Strike at Transnet
The United National Transport Union, which represents some of the workers at South African ports and freight rail operator Transnet, told its members to begin a strike on Thursday to demand a bigger wage increase from the state-owned company.
Transnet on Wednesday doubled its pay-increase offer to 3% to head off the strike action. The proposed raise is well below annual inflation of 7.6%.
The company’s offer “is not aligned with the mandate that was given to us by the members,” Cobus van Vuuren, general secretary of Untu, as the labour union is known, said in a phone interview on Thursday. “The strike is on. There is action across the country.”
Transnet’s rail and port facilities are key to South African exports of bulk commodities such as coal, iron ore, chrome and manganese. A strike would add to the damage the economy suffered in April, when floods in the eastern KwaZulu-Natal province destroyed rail infrastructure and disrupted operations at harbours.

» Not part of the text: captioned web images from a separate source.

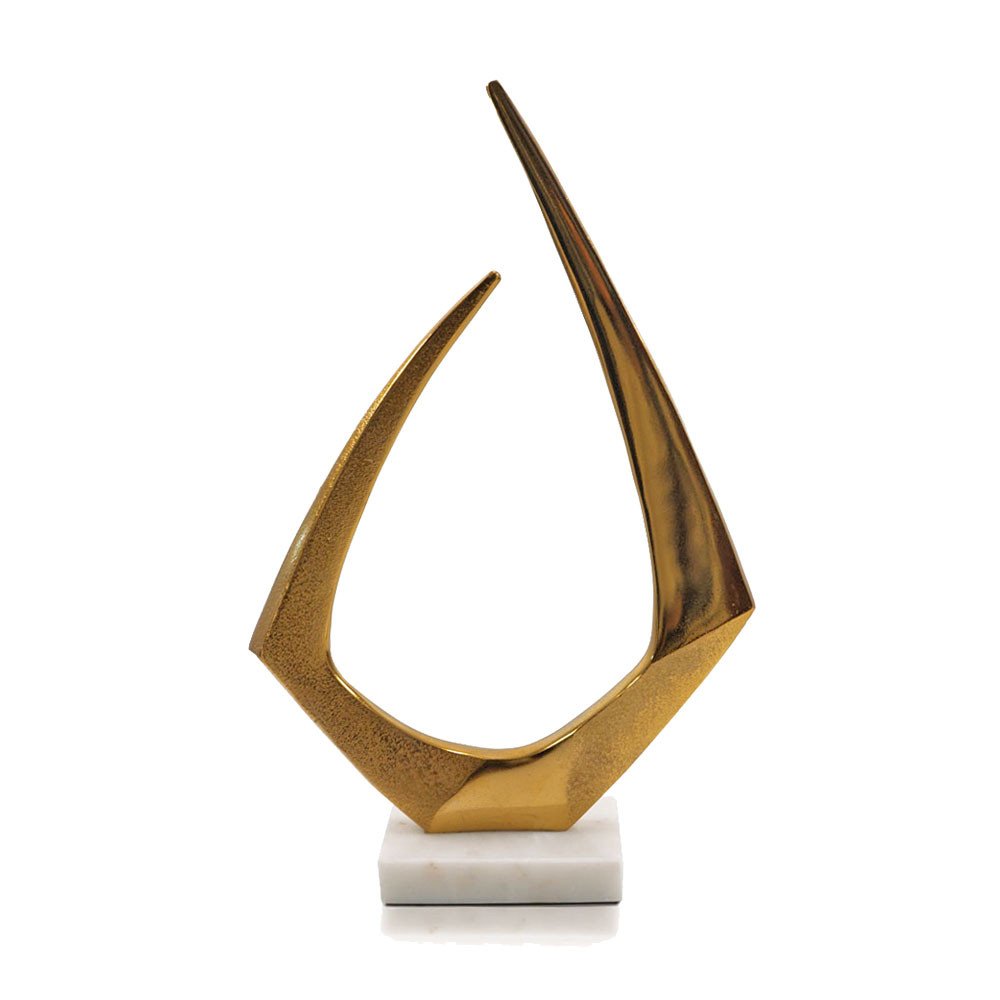 17" Gold And White Aluminum And Marble Abstract Tabletop Sculpture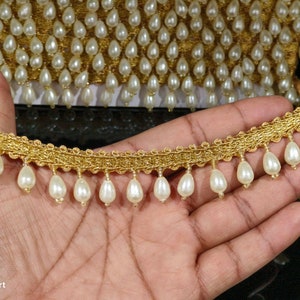 Indian Gold and White Beaded Tassels Lace Trim For Dress Embellishments For Crafting, Sewing And Cloth Accessories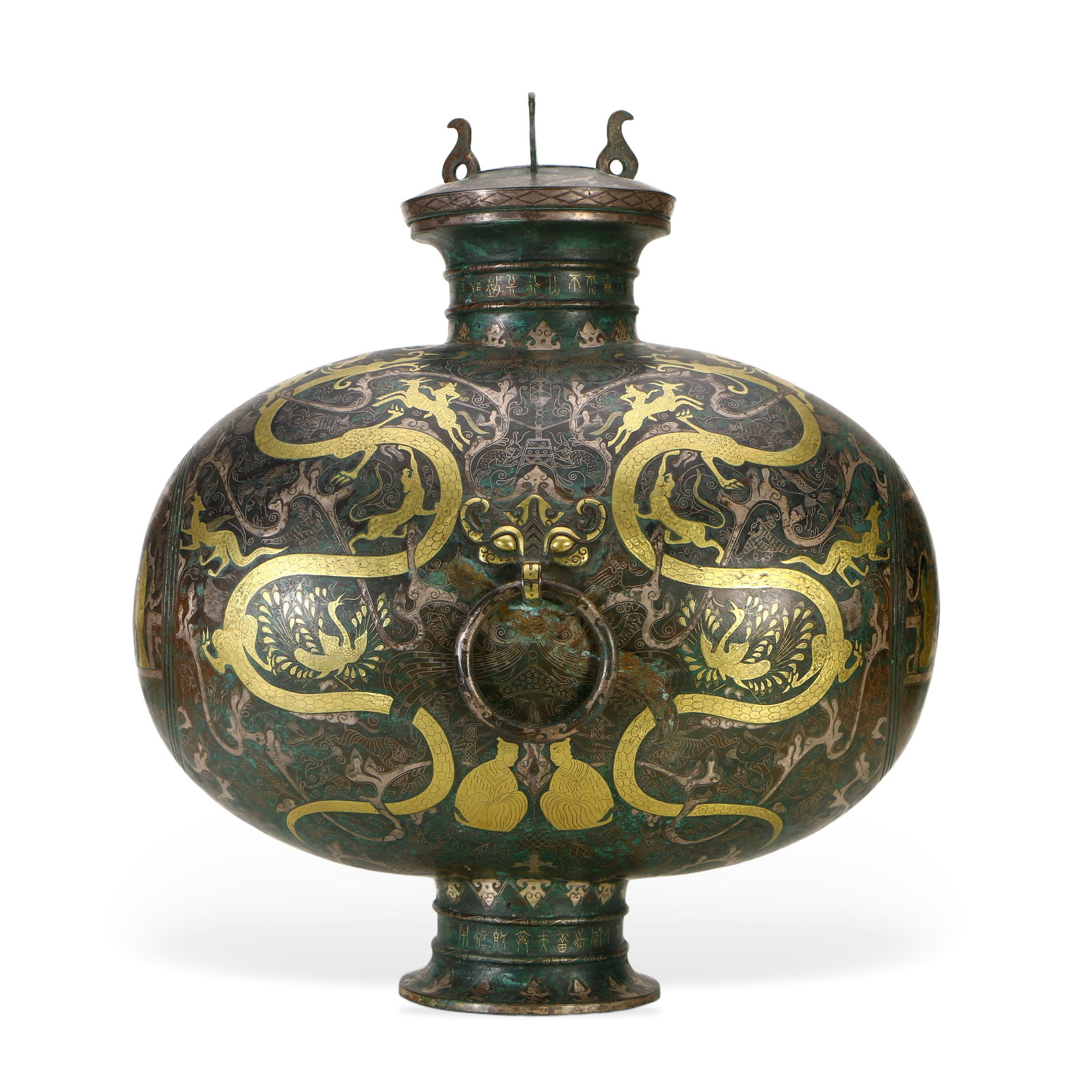 Chinese Copper inlaid with gold and silver jar: Height 43cm Width 39cm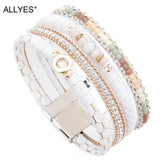 Leather Bracelets for Women Round Metal Charm Rhinestone Wide Bracelet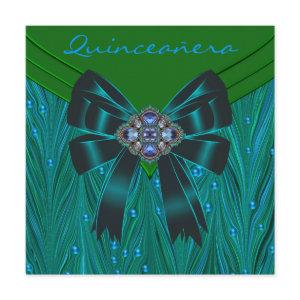 Emerald Green Teal Blue Quinceanera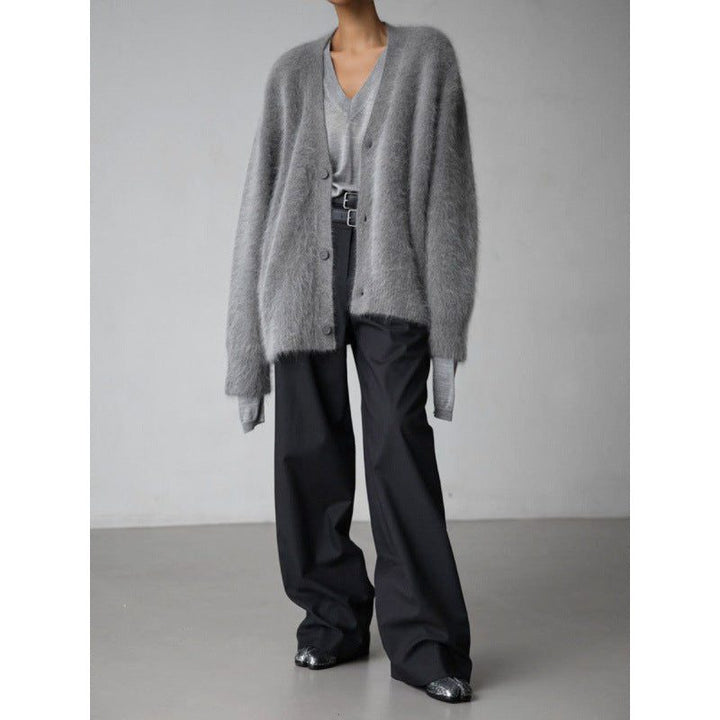 Sieglinde | Women's Oversized Mohair Cardigan with V-Neck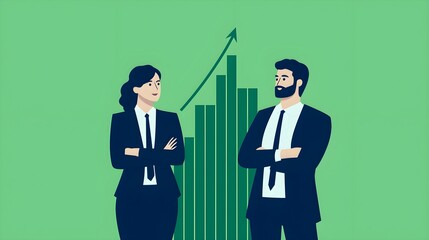 Illustrated upward growth chart featuring two faces, symbolizing progress and collaboration in a vibrant green theme.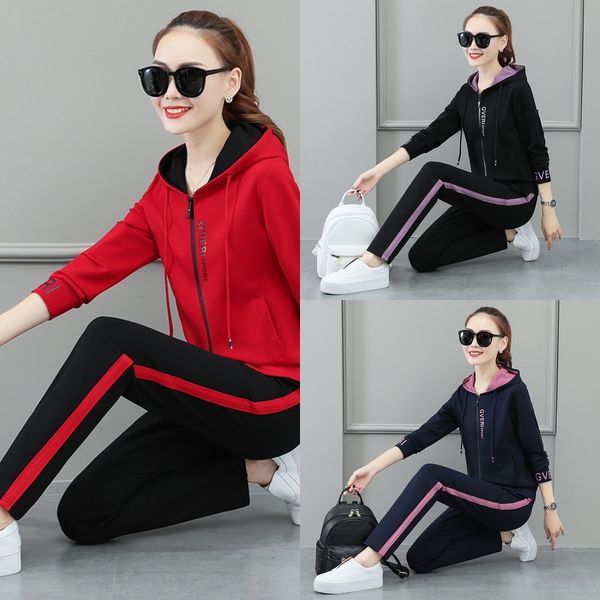 

9ngjg случайной осень новые спортивный износ износ 2020 wearsweater случайного костюм женской моды с капюшоном блудниц свитера работает кард, Gray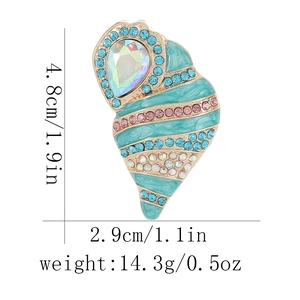Detail of seashell brooch with colorful rhinestones and dimensions showing 4.8cm height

Existing logistics constraints at Transnet are expected to cost South Africa’s mining industry R50 billion in lost opportunities this year, Roger Baxter, chief executive officer of Minerals Council South Africa, said at a conference on Wednesday.
The poor performance of Transnet rail lines and other infrastructure is as bad for the industry as the regular power outages the state electricity provider is implementing, he said.
“At a logistics level, the performance is as bad as what it is at an energy level,” he said.
Transnet is assessing the impact of the strike on operations, spokeswoman Ayanda Shezi said.
“Our priority is to protect assets and those employees who have reported for duty,” she said in a text message on Thursday. “The strike is illegal and unprotected as certain prescripts were not followed in applying to strike.”
The remuneration of state employees accounts for almost a third of total government spending, and keeping it in check is key to the National Treasury’s plans to rein in its budget deficit and bring runaway state debt under control.
In July, Eskom, the state power utility, signed a pay deal with labour unions for a 7% increase to end an impasse that triggered a week of illegal protests and deepened electricity outages.